[Task statement]
Everything from the line that holds "Libros de segunda" through the end of the listing below must be retyped word for word, without any pictures.

[Data under study]
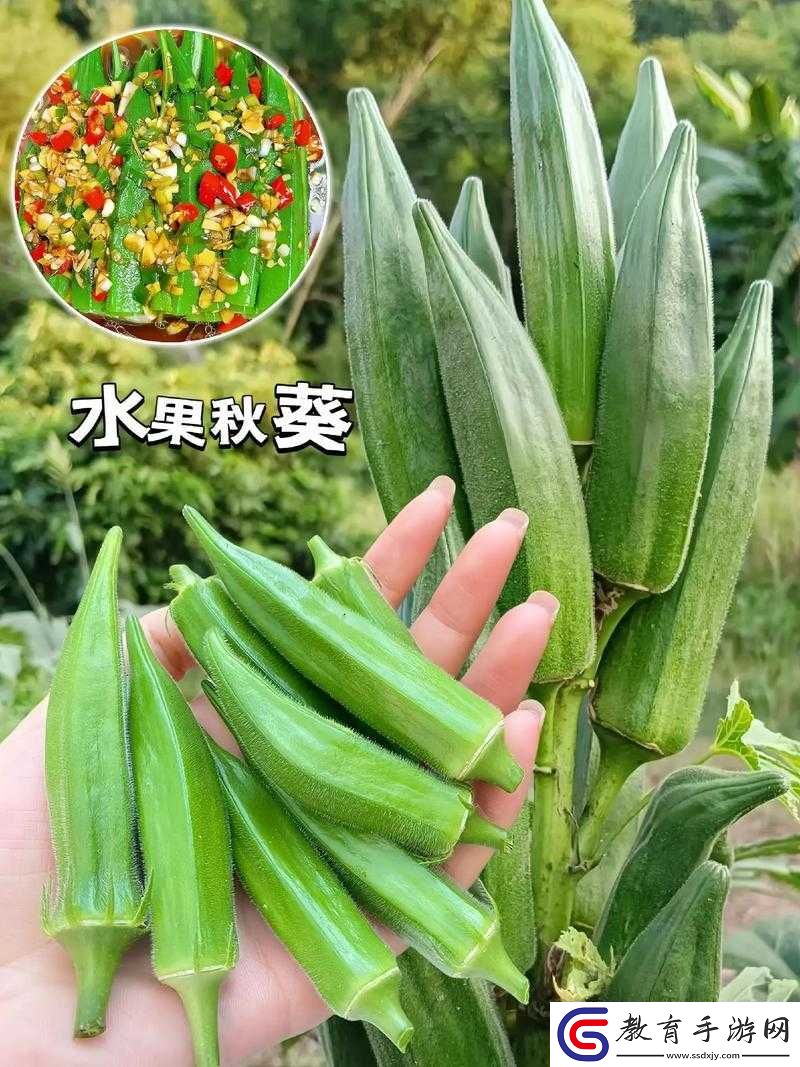 水果與蔬菜的奇妙搭配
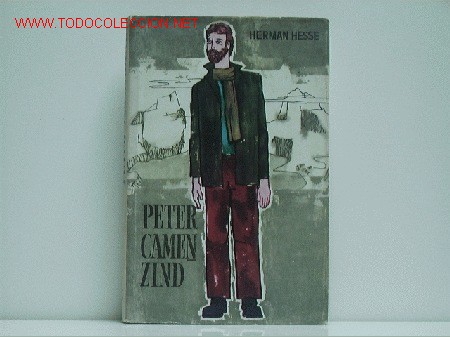 Libros de segunda mano: Peter Camenzind - Foto 1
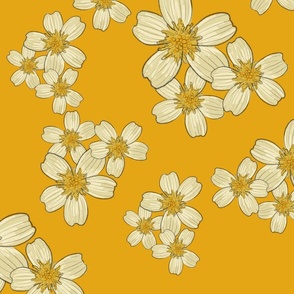 Field of beige and yellow Daisies - yellow background 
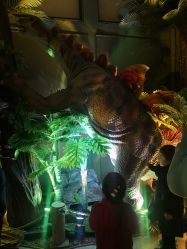 -恐龙探索乐园(磁器口店)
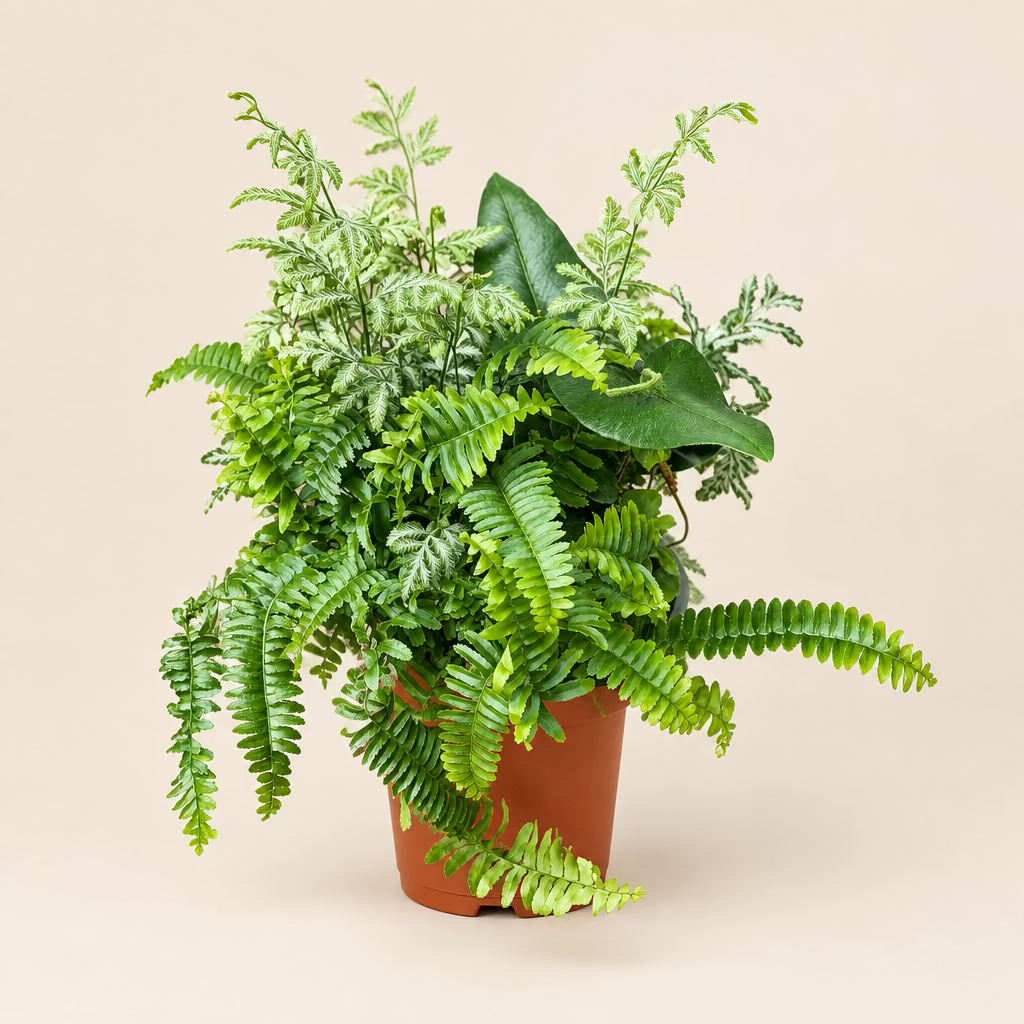 Fern Mini Garden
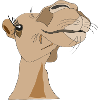 Camel lady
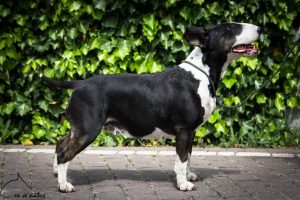 miot M 2022 YOU’RE SO CHILDISH BY STARCINCO x NEVERMIND Ex Se Natus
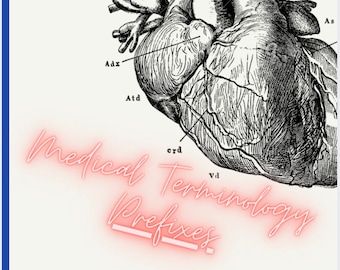 May include: A black and white anatomical illustration of a human heart with labels for different parts of the heart. The text "Medical Terminology Prefixes" is written in pink neon letters.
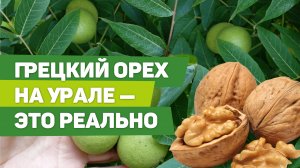 Как вырастить грецкий орех на Урале и собрать отличный урожай. Опыт садовода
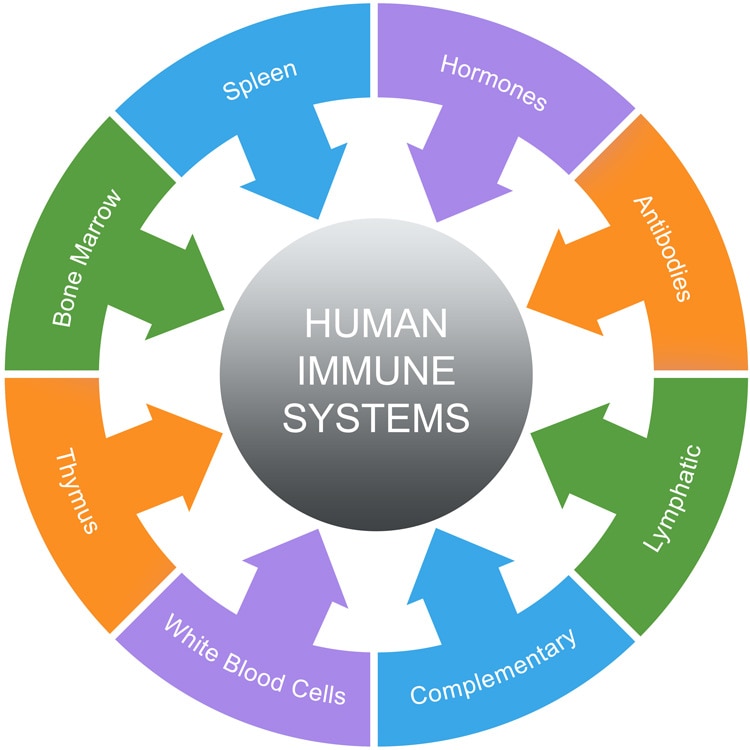 immune system chart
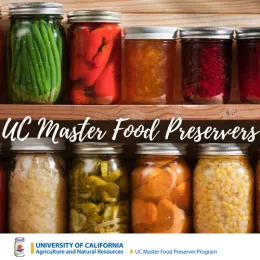 Jars of colorful preserved foods.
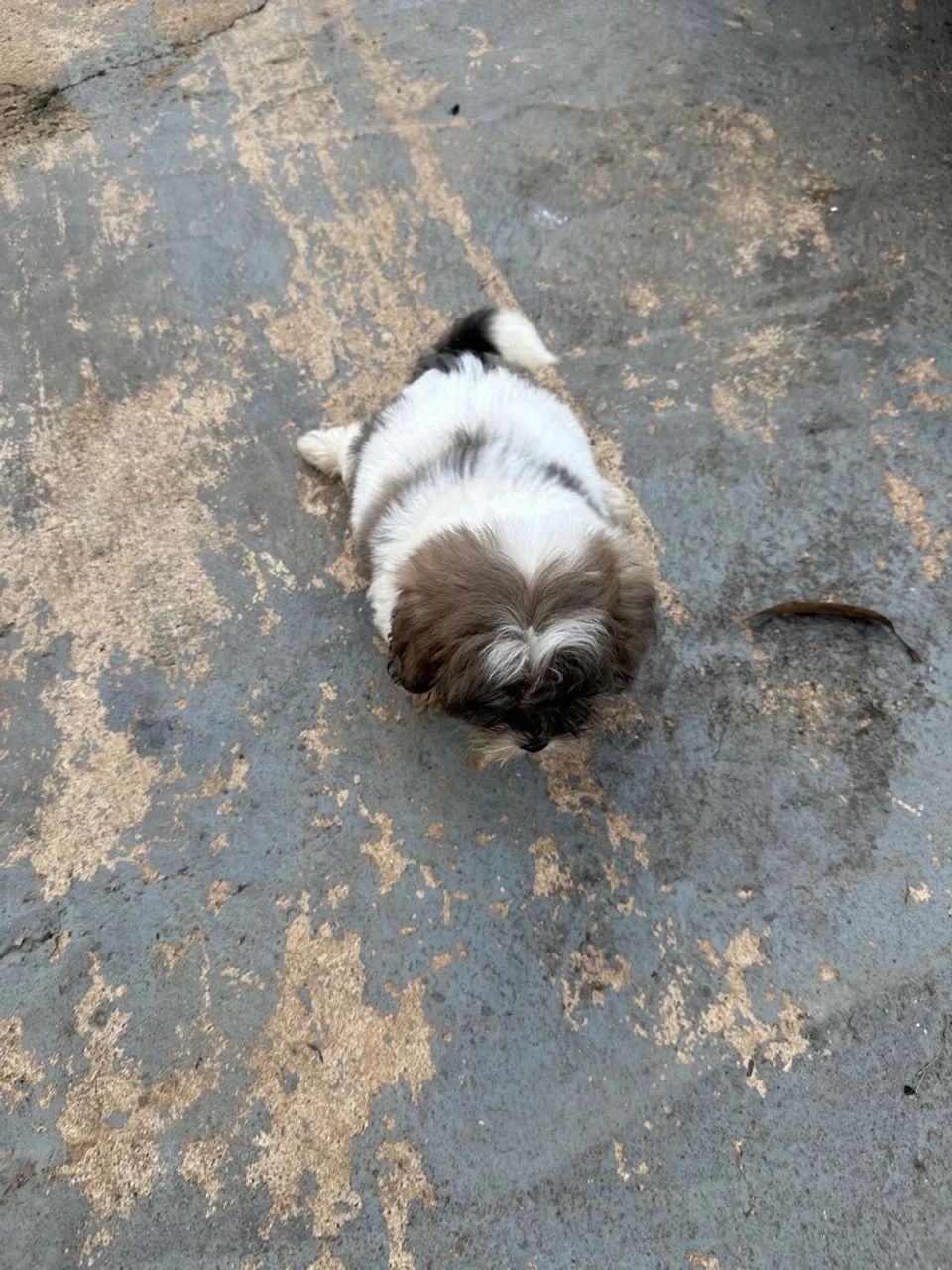Filhotes Shih Tzu Macho - Foto 4
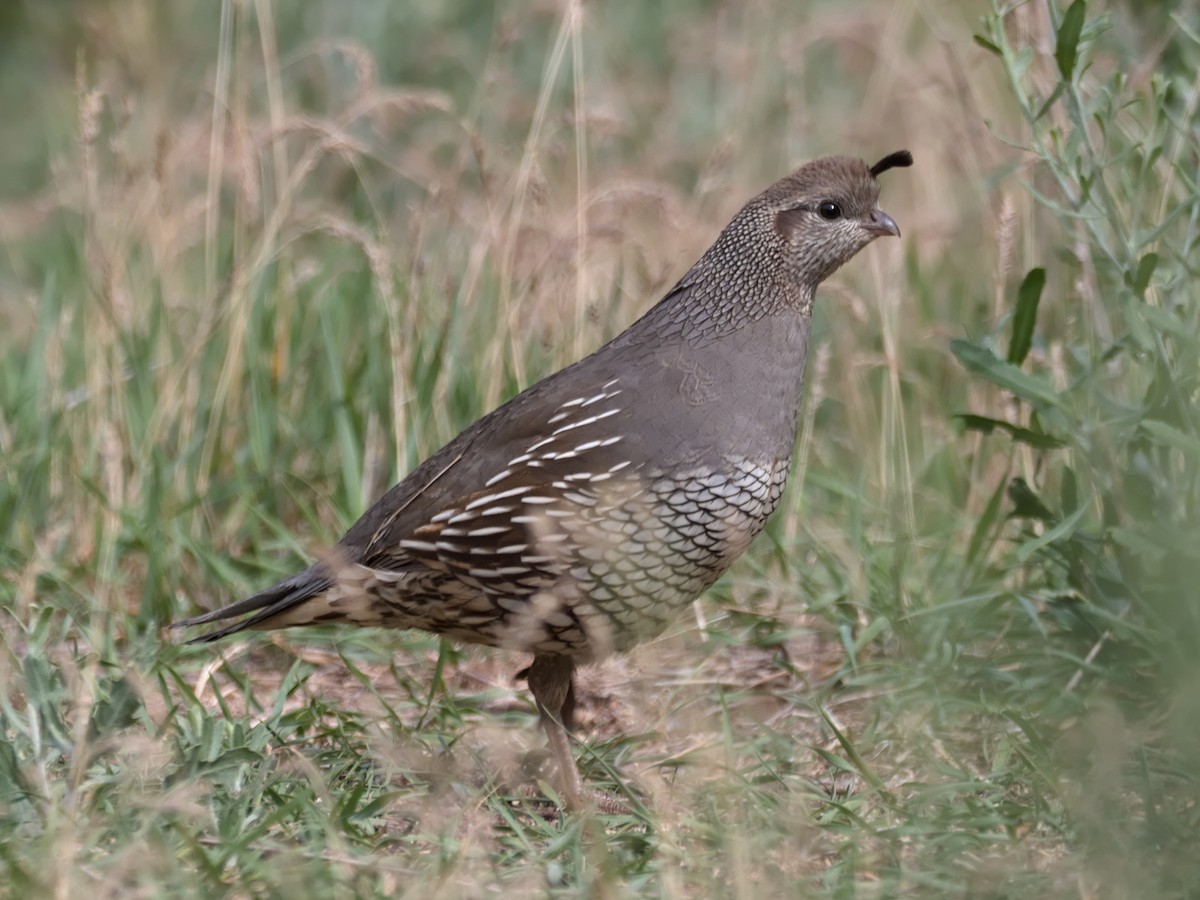 California Quail - ML619645887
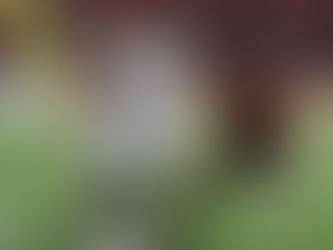 Gaziantep FK - Alanyaspor: 0-3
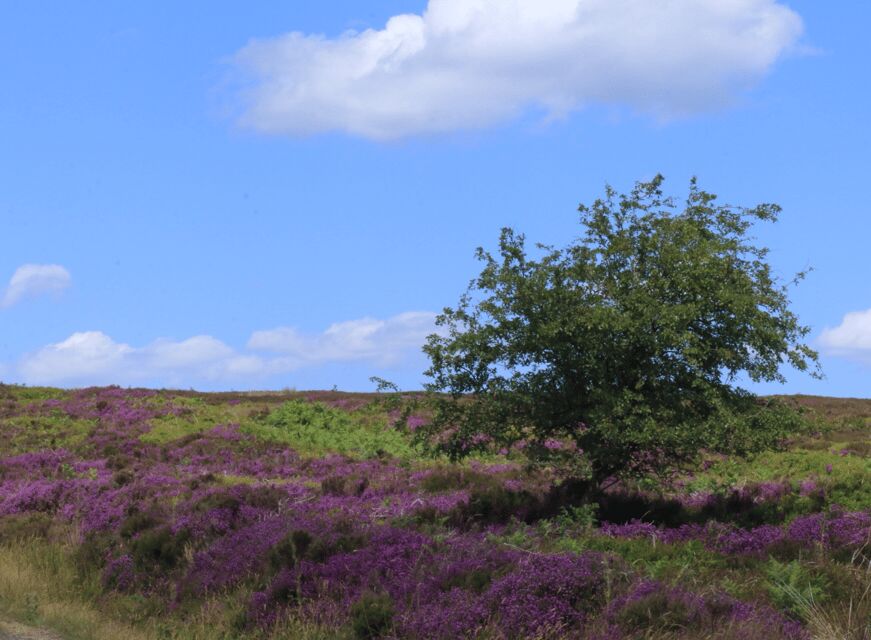 From York: North Moors and Whitby Tour - Price and value: what $93 buys you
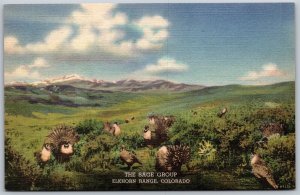 Vtg Elkhorn Range Colorado CO Sage Grouse Denver Museum Natural History Postcard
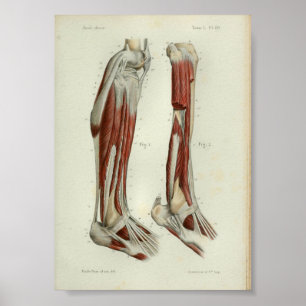 1844 Vintage Anatomie Druckmuskeln Poster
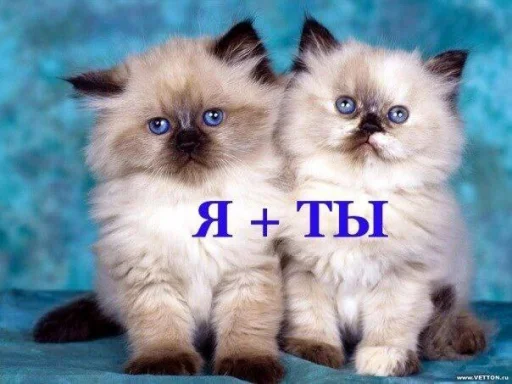 Sticker ржака 19 @rjakasticks - 11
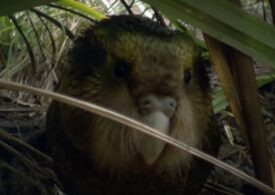 Imens succes pentru kakapo. Sunt cei mai mulţi din 1970 încoace!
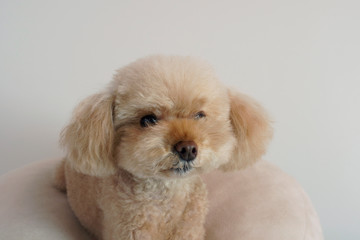 おとなしいトイプードル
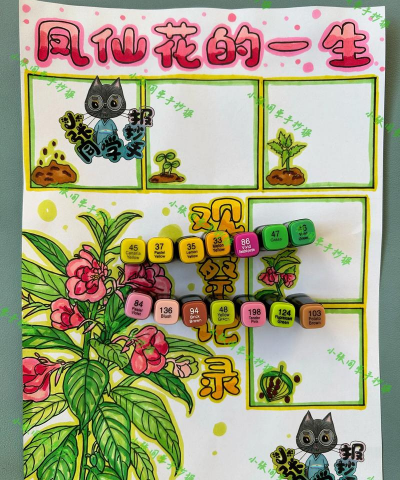 凤仙花怎么种呢 凤仙花怎么种呢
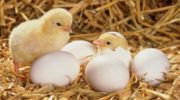 Выращивание цыплят в домашних условиях: натуральные продукты для всей семьи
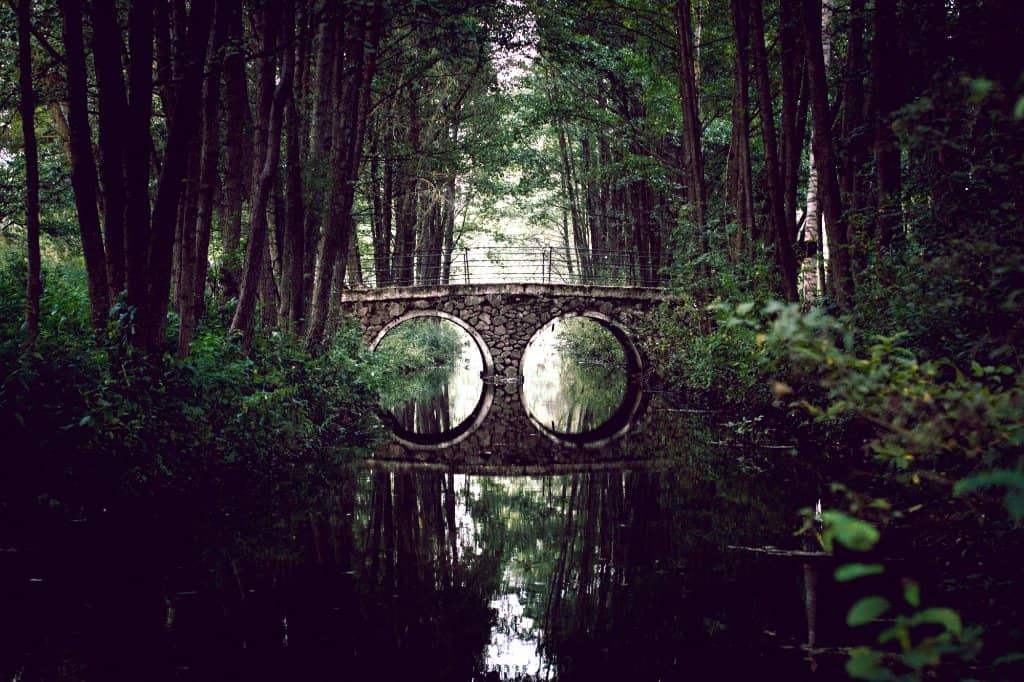 Vertical photo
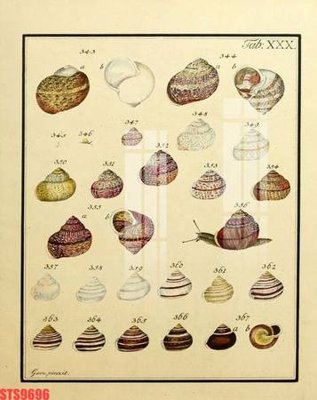 File gốc Tranh sơn dầu phương tây tổng hợp STS9696 (in lụa) tranh mã đáo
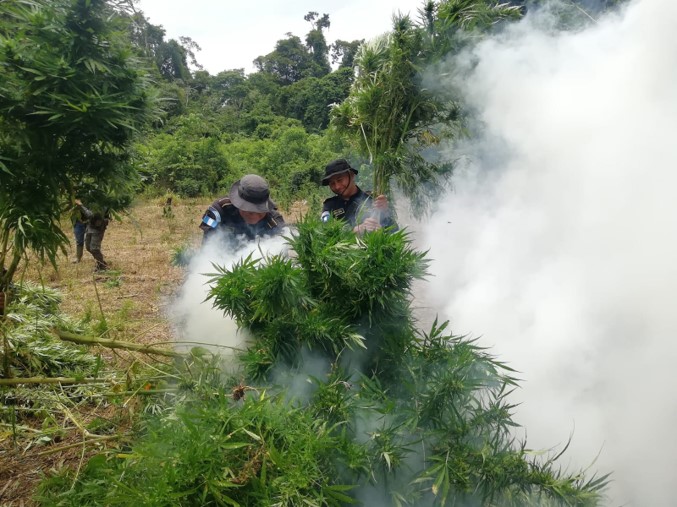 Destruyen plantas de marihuana con valor superior a 42 millones de quetzales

[Response to this exercise]
 Libros de segunda mano: Peter Camenzind - Foto 1
 Field of beige and yellow Daisies - yellow background 
 -恐龙探索乐园(磁器口店)
 Fern Mini Garden
 Camel lady
 miot M 2022 YOU’RE SO CHILDISH BY STARCINCO x NEVERMIND Ex Se Natus
 May include: A black and white anatomical illustration of a human heart with labels for different parts of the heart. The text "Medical Terminology Prefixes" is written in pink neon letters.
 Как вырастить грецкий орех на Урале и собрать отличный урожай. Опыт садовода
 immune system chart
 Jars of colorful preserved foods.
Filhotes Shih Tzu Macho - Foto 4
 California Quail - ML619645887
 Gaziantep FK - Alanyaspor: 0-3
 From York: North Moors and Whitby Tour - Price and value: what $93 buys you
 Vtg Elkhorn Range Colorado CO Sage Grouse Denver Museum Natural History Postcard
 1844 Vintage Anatomie Druckmuskeln Poster
 Sticker ржака 19 @rjakasticks - 11
 Imens succes pentru kakapo. Sunt cei mai mulţi din 1970 încoace!
 おとなしいトイプードル
 凤仙花怎么种呢 凤仙花怎么种呢
 Выращивание цыплят в домашних условиях: натуральные продукты для всей семьи
 Vertical photo
 File gốc Tranh sơn dầu phương tây tổng hợp STS9696 (in lụa) tranh mã đáo
 Destruyen plantas de marihuana con valor superior a 42 millones de quetzales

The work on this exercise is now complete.